The complete campus master plan is available on the World Wide Web in PDF format at www.uchicago.edu/masterplan. A more detailed site, with timelines, maps, pictures, and updates on individual projects, is available at http://www.uchicago.edu/construction.

Here are some highlights:

• Construction of the parking structure, being designed by Cesar Pelli and Associates of New Haven, Connecticut, and OWP & P of Chicago, should get under way this fall and be finished in September 2000. Located on 55th Street between Ellis and Greenwood Avenues, the building will offer short-term and permit parking. Its 900 to 1,000 spaces will replace parking in the Ellis, Regenstein, and Stagg lots—which will be removed to make way for the new residences and athletics center, as well as the parking structure itself—and will add approximately 400 new net spaces. The structure’s ground floor will likely be used for retail stores, cafés, or offices.

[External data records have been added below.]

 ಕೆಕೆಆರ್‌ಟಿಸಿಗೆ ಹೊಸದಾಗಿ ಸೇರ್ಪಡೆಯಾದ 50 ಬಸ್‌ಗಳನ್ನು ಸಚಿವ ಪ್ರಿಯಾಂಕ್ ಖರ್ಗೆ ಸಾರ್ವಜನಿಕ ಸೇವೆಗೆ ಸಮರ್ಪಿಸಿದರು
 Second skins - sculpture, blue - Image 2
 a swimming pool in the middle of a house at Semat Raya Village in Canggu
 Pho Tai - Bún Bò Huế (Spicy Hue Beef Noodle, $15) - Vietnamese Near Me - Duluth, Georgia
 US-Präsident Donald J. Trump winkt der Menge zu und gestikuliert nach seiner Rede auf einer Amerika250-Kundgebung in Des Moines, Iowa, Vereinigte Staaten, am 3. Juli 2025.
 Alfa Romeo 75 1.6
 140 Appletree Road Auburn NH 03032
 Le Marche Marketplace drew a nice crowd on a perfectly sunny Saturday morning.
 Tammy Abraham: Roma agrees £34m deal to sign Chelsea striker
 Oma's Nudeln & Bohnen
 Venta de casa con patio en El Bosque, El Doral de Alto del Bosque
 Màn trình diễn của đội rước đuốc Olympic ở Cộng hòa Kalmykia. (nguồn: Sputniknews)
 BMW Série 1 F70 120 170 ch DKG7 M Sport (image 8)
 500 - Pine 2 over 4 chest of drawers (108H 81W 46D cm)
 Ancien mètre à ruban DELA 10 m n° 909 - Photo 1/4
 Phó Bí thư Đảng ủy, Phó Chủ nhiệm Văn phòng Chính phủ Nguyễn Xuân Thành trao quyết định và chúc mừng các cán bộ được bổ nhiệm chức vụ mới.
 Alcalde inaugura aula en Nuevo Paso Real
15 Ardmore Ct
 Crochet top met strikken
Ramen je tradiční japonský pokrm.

• The next project off the drawing board will be the permanent skating rink, a joint effort of the University, the City of Chicago, and the Chicago Park District. Construction should begin in spring, with the rink opening by Thanksgiving 2000. Initial plans include an Olympic-size rink, a skate rental area, a café, a rooftop observation deck, and a warming house. In summer, the facility will be used for in-line skating and cultural productions. In addition, the University is working with the Chicago Park District and local community leaders on an overall plan to redevelop the Midway.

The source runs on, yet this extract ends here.